This article, by Marc Joffe and Ian MakGill, originally appeared on the Guardian website on 01 August 2013. Marc Joffe will be speaking in the Open Finance and OpenSpending – Workshop on Wednesday 18 September, 14:45 – 16:00 @ Room 7, Floor 2.


Open governance groups around the world compare local authority finances

Council finances are being compared for greater transparency, but a lack of standardised data is holdings things back.

We built a website in the US that maps the finances and credit scores of 260 Californian cities. You can click on a town and find out about their revenues and expenditure, debt levels and even retirement plans for staff. California City Credit Scoring

The California fiscal transparency project is one example of how open governance initiatives are increasingly being used to compare local authorities, accessing their spending priorities and financial conditions. A similar site exists in Denmark and one will launch in Israel shortly using a new open source software platform.

However, projects like this that compare authorities finances face a number of challenges – many of which arise from a lack of standardised, machine-readable data. While corporate financial data analysis is aided by the XBRL standard, there is no analogous standard in the realm of government financial reporting.
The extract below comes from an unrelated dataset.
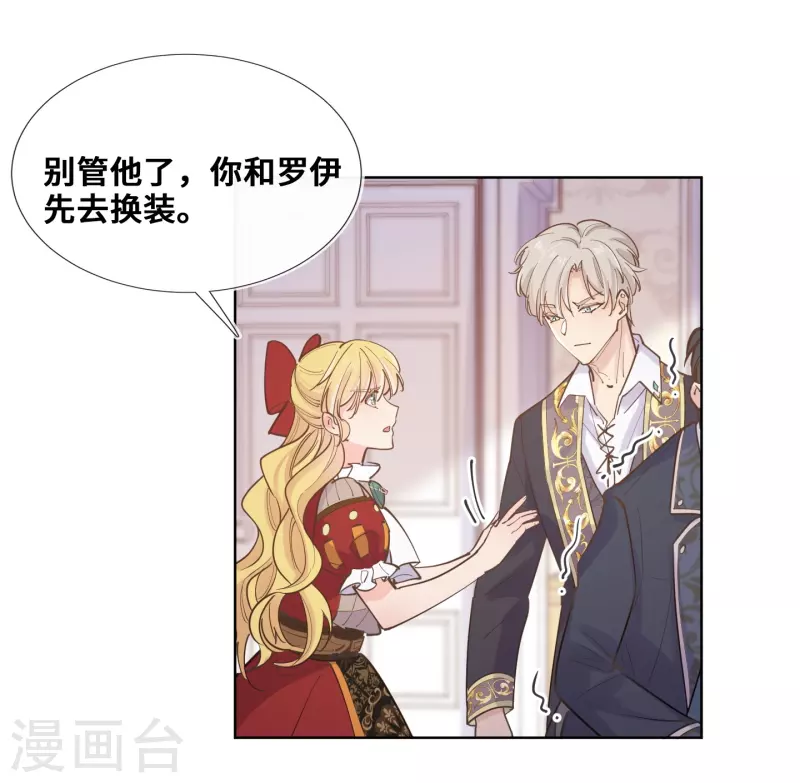 第93话-第94话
Our work on California required us to locate and extract data from audited financial reports filed by each city. In virtually all cases, these reports were stored in pdf files, and completing this project required a lot of manual inputting. We got the best results by selecting portions of the pdf to convert within the software.

So, would something like this be possible in England? The raw material for such a project is available in abundance. Local councils in England are required to publish audited financial accounts, and typically do so in pdf form. Tax receipts, investments and borrowing data for all councils are published in Excel format by the Department for Communities and Local Government.

But it is not certain whether these statistics tie out to the audited financial reports. In California, we found widespread inconsistencies between audited financial reports and standardised data collected by the state controller’s office. The Chartered Institute for Public Finance and Accounts also collects and standardises council financial data, but they sell their compilations for several hundred pounds.

The UK is significantly ahead of the US in the area of reporting transactions. In the UK, councils are required to publish all transactions above £500; some voluntarily report smaller transactions.

The only problem is that there are varying interpretations of what data is being completed in each field and inconsistency in data formats and field headers. Although transaction reports are supposed to be issued monthly, some councils publish them less frequently.

While most councils provide their spending data in machine readable formats, others only provide pdfs. We sent a freedom of information request to East Riding council, asking them to publish their data in comma separated variable (CSV) format instead but the council refused on the basis that the data in the new format might be used fraudulently.

Some of the local government transaction data has been aggregated on the Open Knowledge Foundation’s global Open Spending project and at Openly Local.

City councils in the US and the UK both publish budgets which include estimates of future spending. In our California project, we initially excluded budgets because budget reporting formats are less consistent than those used in audits (since the latter are governed by accounting standards).

However, because budgets are forward looking, citizens find them more interesting. As a result, they have been the focus of the Denmark effort as well as many individual city-level transparency projects such as Open Oakland.

In California, the impetus for developing our transparency site was a desire to provide an alternative to credit ratings for assessing the likelihood of municipal bond defaults. In recent years, the state has had a number of high-profile bankruptcies, so investors may require greater transparency before purchasing bonds issued by California cities. We meet this need by running city financial statistics through an open source credit scoring model.

UK councils have not accessed the capital markets, but that could be about to change. Before becoming reliant on the credit rating agencies, local leaders may wish to build a transparency platform like the one in California.


Marc Joffe is the principal consultant at Public Sector Credit Solutions and Ian Makgill is the managing director of the Spend Network.